The public provision of critical social goods like this is an agenda-setting job befitting governments and governments alone. The Obama Administration understands this, which is why it laid out a 6-year $556 billion budget proposal earlier this year to prevent these priceless infrastructure assets from becoming full-on liabilities. However, in an era of ballooning deficits and a frail economic recovery, $556 billion over six-years is a hard sell on Capitol Hill. So while it contained a range of viable solutions for solving the U.S.’s veritable transportation crisis –including provisions for enhancement projects and transit alternatives like high speed rail- as expected, that bill has since been gutted and whittled down to a $285 billion offering from House Republicans which still stand little chance of passing.

Making Sustainable Inroads

Since the 1960s, the trajectory of our nation’s transportation network has been on a growth path largely antithetical to sustainability, bolstered by what has been perhaps the world’s largest public-works project ever: the creation of more than 2.6 million miles of paved roads nationwide. As many ecological economists are fond of doing, here it seems logical to bring forward the question of optimal scale: At what point does the size of a system outweigh the benefits delivered? At what point does economic growth become uneconomic growth? That point seems to have come and gone. Public sector financiers at the Congressional Budget Office have concluded that $20 billion more needs to be spent annually just to maintain that passing “D” average; and $80 billion more per year must be spent to operationalize projects that would have “positive economic returns.”

Business as usual on our highways simply isn’t working. Meanwhile, there is a tremendous case to be made for transitioning a commuter workforce from one that is reliant on personal auto-mobility to one that is reliant -where possible- on cycling, walking and other forms of resource efficient transit.

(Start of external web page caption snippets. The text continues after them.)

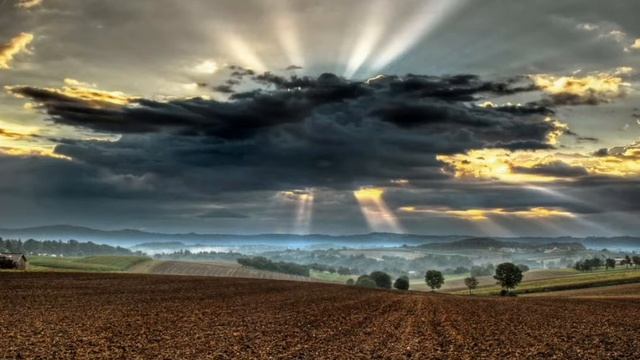 Феликс Зигельбаум - " Вода и соль". Создано: 2017-й год. смотреть онлайн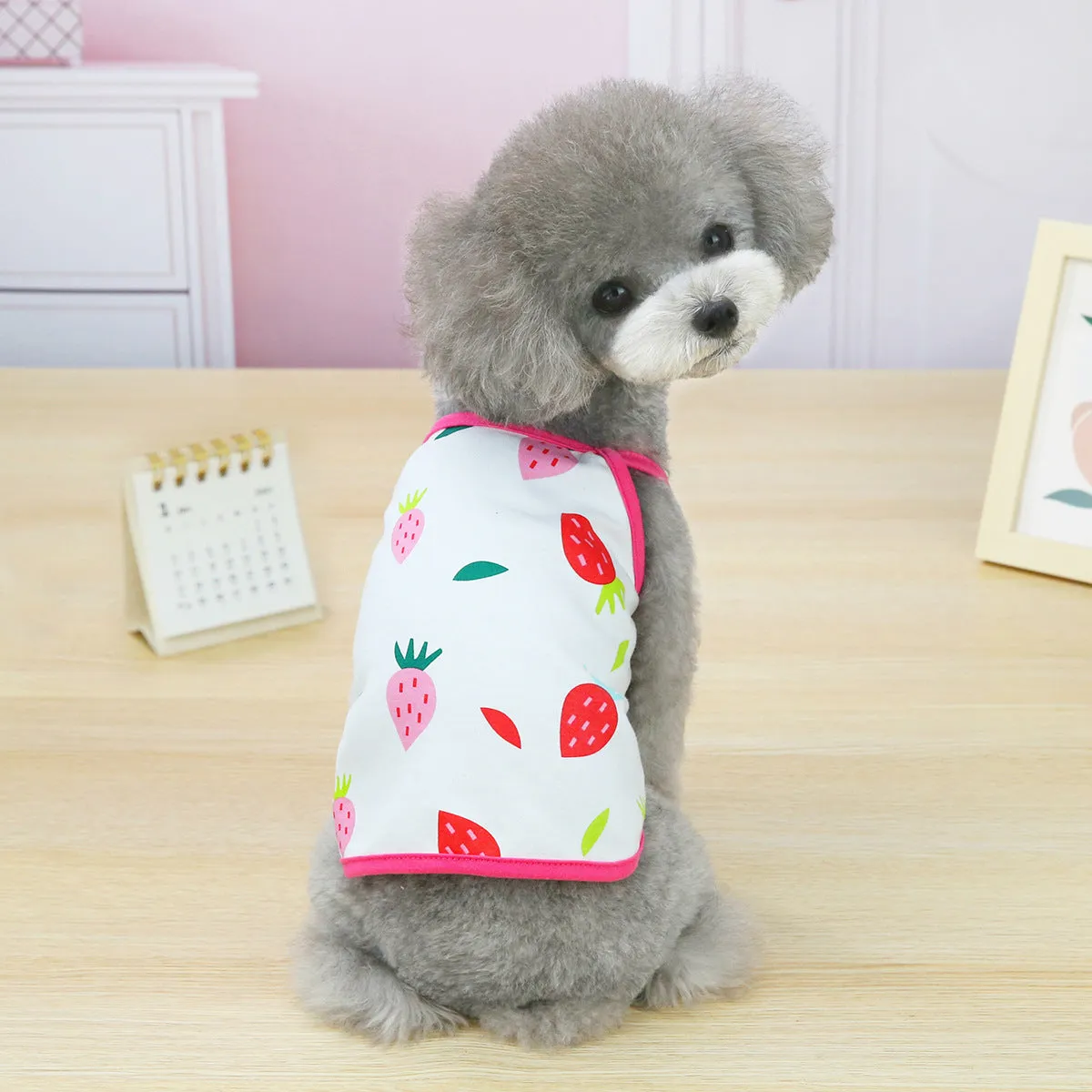 Fruit vest spring and summer pet clothing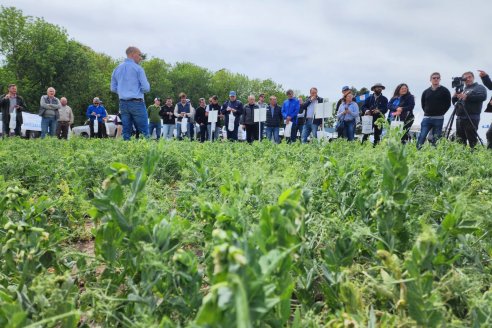 Hay un plan para vender las legumbres argentinas en el mundo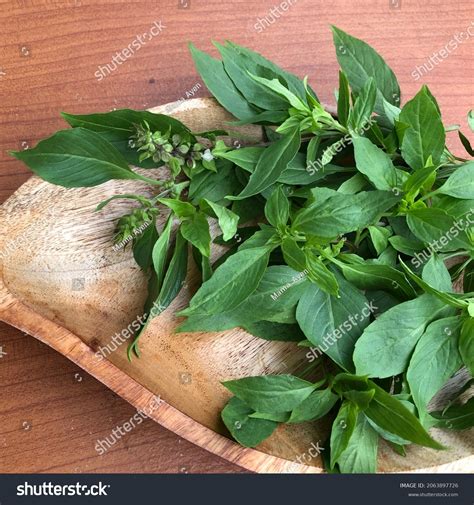 Basil Leaves Daun Kemangi On Wooden Stock Photo 2063897726 | Shutterstock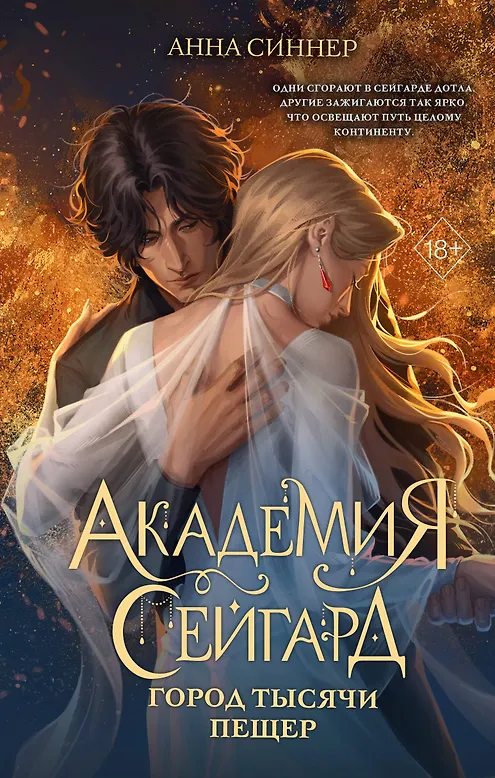 Купить Академия Сейгард. Город тысячи пещер — Фото №1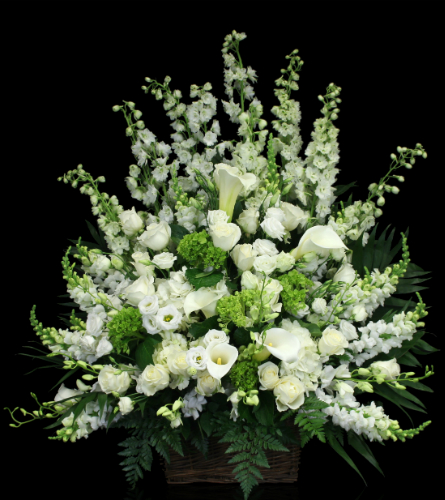 Blanc Calla Lily Sympathy Basket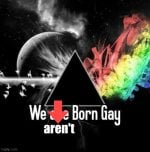 We Aren't Born Gay.jpg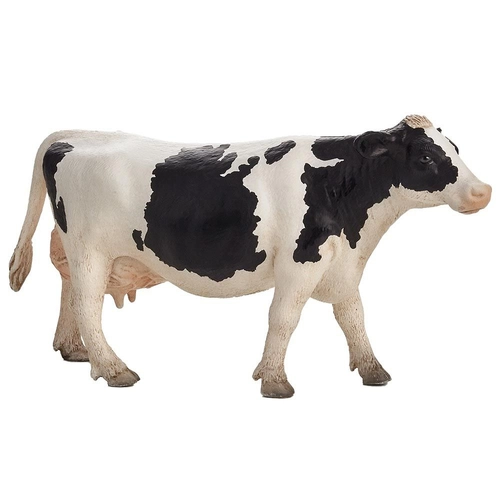 Крава порода Холщайн | P1440174
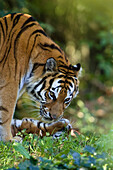 Siberian Tigers, mother and cub, Panthera tigris altaica, captive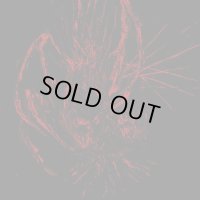 Burier - Wielding Malignity / CD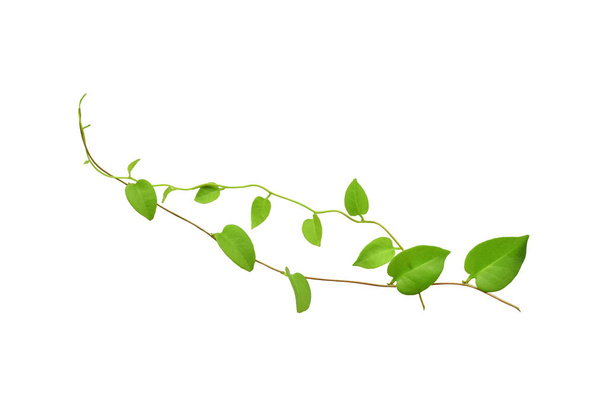 Twisted jungle vines liana plant with heart shaped green leaves isolated on white background, clipping path included. Floral Desaign. HD Image and Large Resolution. can be used as wallpaper - Valokuva, kuva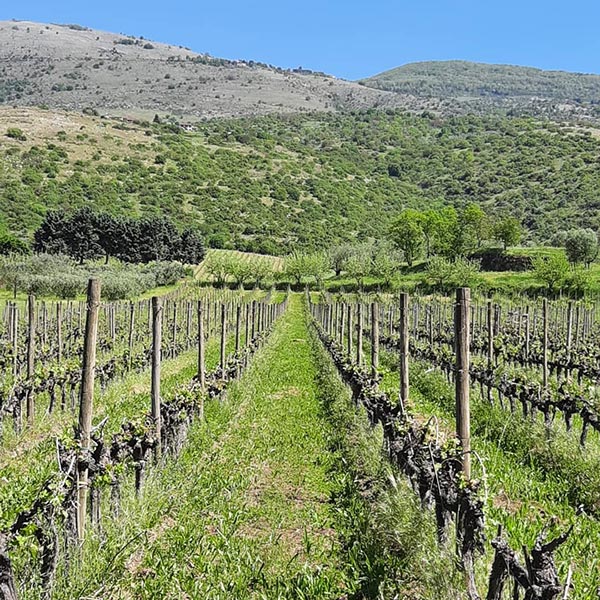 vigneti Cantina Colacicchi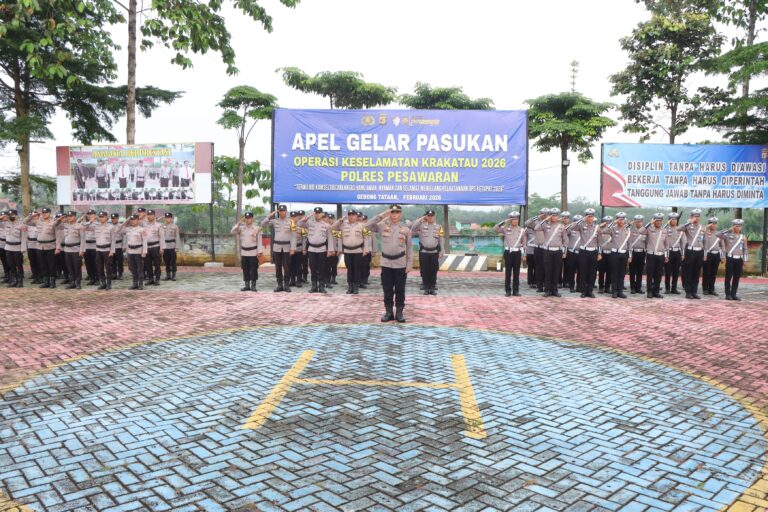 WhatsApp Image 2026-02-16 at 19.59.41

Consider the fact that every year Americans spend nearly 4 billion hours of their lives stuck in traffic; that’s 500,000 years worth annually. Worse, according to Tom Vanderbilt’s must-read Traffic, congestion is estimated to cost somewhere in the neighborhood of $80 billion each year in wasted fuel and lost productivity. Improved fuel efficiency standards, though certainly good news coming out of the Obama White House, will do little to remedy this sorry situation.

The power to make a shift away from the wastefulness of personal auto-mobility rests in the pages of the federal transportation bill. What we need is a fundamental redesign at the scale of an entire system. With the legislation currently on the docket, lawmakers have that opportunity; they can make a left hand turn. It is up to them whether as nation we continue to prop up business as usual on aging American highways, or whether we move into an era of truly sustainable transit and transportation.